----- Record extracts -----

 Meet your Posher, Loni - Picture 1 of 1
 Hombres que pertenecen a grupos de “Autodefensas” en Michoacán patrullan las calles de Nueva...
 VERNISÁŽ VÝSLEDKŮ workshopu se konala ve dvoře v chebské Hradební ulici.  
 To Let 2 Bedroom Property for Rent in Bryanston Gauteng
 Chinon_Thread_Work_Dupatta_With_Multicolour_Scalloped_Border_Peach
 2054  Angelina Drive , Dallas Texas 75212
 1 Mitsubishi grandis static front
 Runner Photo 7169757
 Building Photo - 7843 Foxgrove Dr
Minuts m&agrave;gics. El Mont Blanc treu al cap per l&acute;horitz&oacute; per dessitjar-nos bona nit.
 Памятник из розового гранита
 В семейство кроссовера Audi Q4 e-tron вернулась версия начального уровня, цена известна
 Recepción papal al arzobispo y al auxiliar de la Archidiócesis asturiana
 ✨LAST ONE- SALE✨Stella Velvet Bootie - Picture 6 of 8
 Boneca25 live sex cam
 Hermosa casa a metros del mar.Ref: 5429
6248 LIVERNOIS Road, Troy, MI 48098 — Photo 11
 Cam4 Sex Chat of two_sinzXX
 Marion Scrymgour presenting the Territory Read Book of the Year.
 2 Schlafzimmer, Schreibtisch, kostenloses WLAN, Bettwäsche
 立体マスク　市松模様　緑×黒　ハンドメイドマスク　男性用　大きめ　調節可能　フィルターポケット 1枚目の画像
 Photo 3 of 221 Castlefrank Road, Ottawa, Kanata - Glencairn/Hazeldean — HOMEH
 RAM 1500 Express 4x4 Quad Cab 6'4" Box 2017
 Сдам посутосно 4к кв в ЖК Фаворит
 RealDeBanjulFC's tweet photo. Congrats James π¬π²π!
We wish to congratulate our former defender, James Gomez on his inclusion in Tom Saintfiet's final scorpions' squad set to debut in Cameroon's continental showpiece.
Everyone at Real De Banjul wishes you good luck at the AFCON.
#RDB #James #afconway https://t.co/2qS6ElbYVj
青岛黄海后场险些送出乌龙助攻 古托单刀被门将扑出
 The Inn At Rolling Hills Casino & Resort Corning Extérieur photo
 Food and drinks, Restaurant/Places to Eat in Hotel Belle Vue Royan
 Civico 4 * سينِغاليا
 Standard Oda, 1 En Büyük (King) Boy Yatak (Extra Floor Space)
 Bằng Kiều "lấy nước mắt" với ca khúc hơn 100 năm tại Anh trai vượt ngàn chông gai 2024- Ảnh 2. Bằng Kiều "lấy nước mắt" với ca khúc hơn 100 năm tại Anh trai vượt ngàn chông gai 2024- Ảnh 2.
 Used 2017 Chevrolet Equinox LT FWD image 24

-----

** What is being asked **
After finding the line that contains "Cam4 Sex Chat of two_sinzXX" in the records above, copy that line and each one after it exactly, through the final line.

** Answer for the task **
 Cam4 Sex Chat of two_sinzXX
 Marion Scrymgour presenting the Territory Read Book of the Year.
 2 Schlafzimmer, Schreibtisch, kostenloses WLAN, Bettwäsche
 立体マスク　市松模様　緑×黒　ハンドメイドマスク　男性用　大きめ　調節可能　フィルターポケット 1枚目の画像
 Photo 3 of 221 Castlefrank Road, Ottawa, Kanata - Glencairn/Hazeldean — HOMEH
 RAM 1500 Express 4x4 Quad Cab 6'4" Box 2017
 Сдам посутосно 4к кв в ЖК Фаворит
 RealDeBanjulFC's tweet photo. Congrats James π¬π²π!
We wish to congratulate our former defender, James Gomez on his inclusion in Tom Saintfiet's final scorpions' squad set to debut in Cameroon's continental showpiece.
Everyone at Real De Banjul wishes you good luck at the AFCON.
#RDB #James #afconway https://t.co/2qS6ElbYVj
青岛黄海后场险些送出乌龙助攻 古托单刀被门将扑出
 The Inn At Rolling Hills Casino & Resort Corning Extérieur photo
 Food and drinks, Restaurant/Places to Eat in Hotel Belle Vue Royan
 Civico 4 * سينِغاليا
 Standard Oda, 1 En Büyük (King) Boy Yatak (Extra Floor Space)
 Bằng Kiều "lấy nước mắt" với ca khúc hơn 100 năm tại Anh trai vượt ngàn chông gai 2024- Ảnh 2. Bằng Kiều "lấy nước mắt" với ca khúc hơn 100 năm tại Anh trai vượt ngàn chông gai 2024- Ảnh 2.
 Used 2017 Chevrolet Equinox LT FWD image 24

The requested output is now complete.